From the early days of the GW Bush administration, the President, Vice President Cheney and Secretary of State Condi Rice are all on videotape stating that Iraq presented no danger to its neighbors or anyone else, and had no weapons of mass destruction. That line changed following the 9/11 terrorist attack on America.
The CIA was immediately assigned the task of “finding” connections to Saddam Hussein and Iraq. CIA terrorist specialist Richard Clarke reports that the administration showed little interest in Al Quaeda or Afghanistan, but wanted only information supporting their desire to blame Iraq. A campaign was launched to convince Congress, the American people, and the world that Iraq did possess weapons of mass destruction, and did present a danger to his neighbors. All that proved not to be true.
The current Iraq War was an arrogant and misguided adventure to extend US influence and control into the world’s primary oil-producing region. Justified with misinformation and waged in defiance of cautions from State Department professionals, the war has been a litany of blunders, miscalculations, and rosy predictions based on false hopes. It has killed another 100,000 Iraqis, some 2,500 Americans, and will cost American taxpayers a trillion dollars, with no happy outcome in sight. It has cost the US any reputation we might once have had as a protector of human rights or world peace.

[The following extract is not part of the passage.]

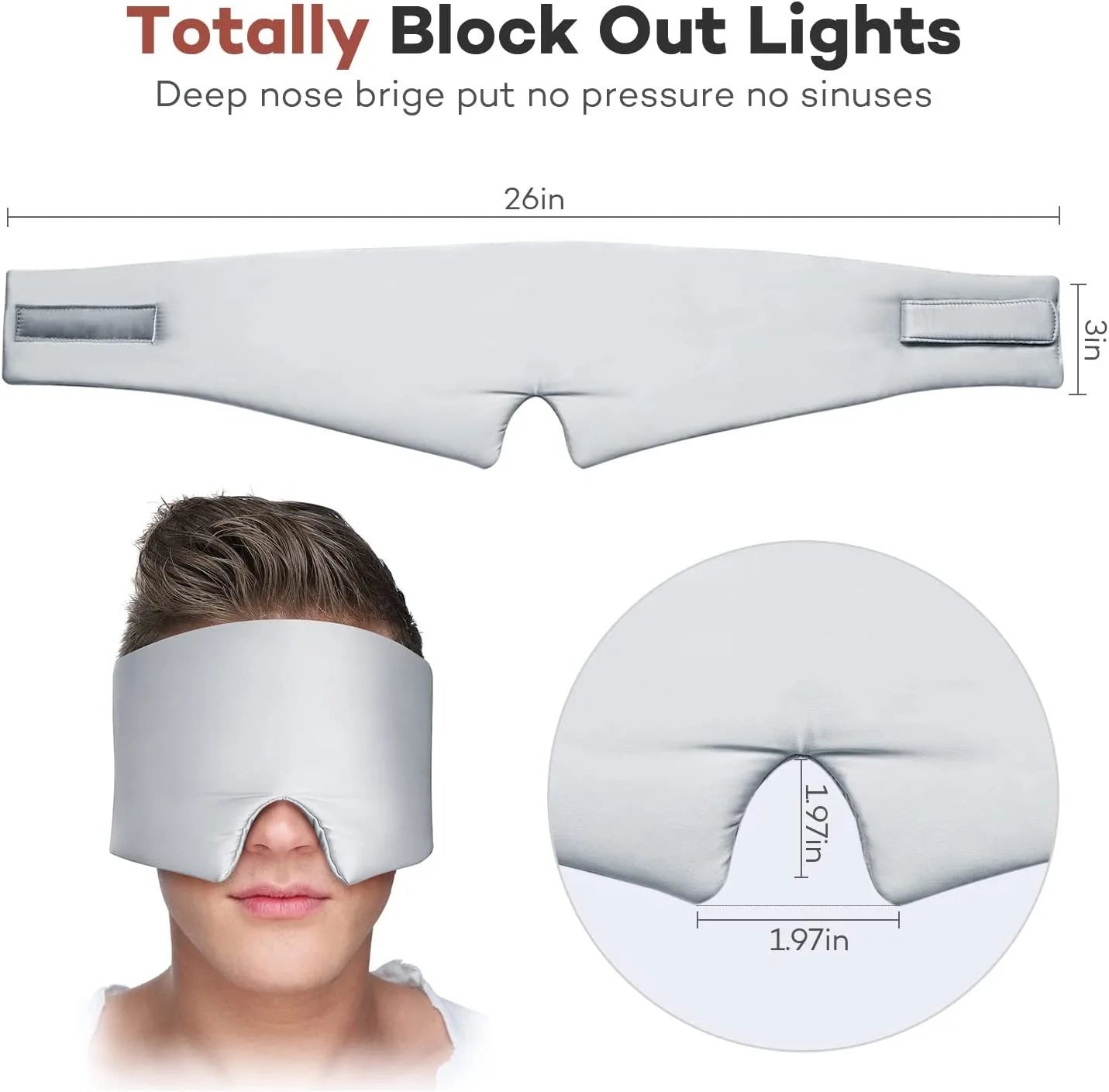 Silk Blindfold Travel Nap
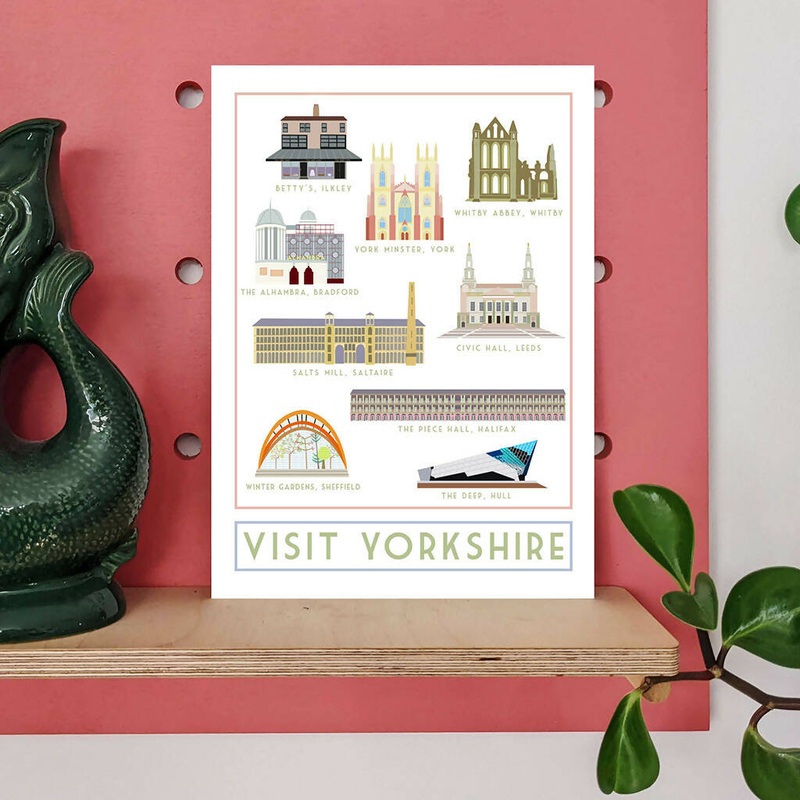 Yorkshire Landmarks Travel Poster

The presence of US troops in Iraq is the primary thorn fueling the insurgency. The US must simply get out, and turn over the civil strife among Iraq’s religious and political factions, unleashed when their government was smashed, to some international body while Iraq is rebuilt. Because leaders of both major US political parties seem committed to continuing the war, an end to the war can only be brought about by a visible popular movement of war resistance and peace actions by the American people.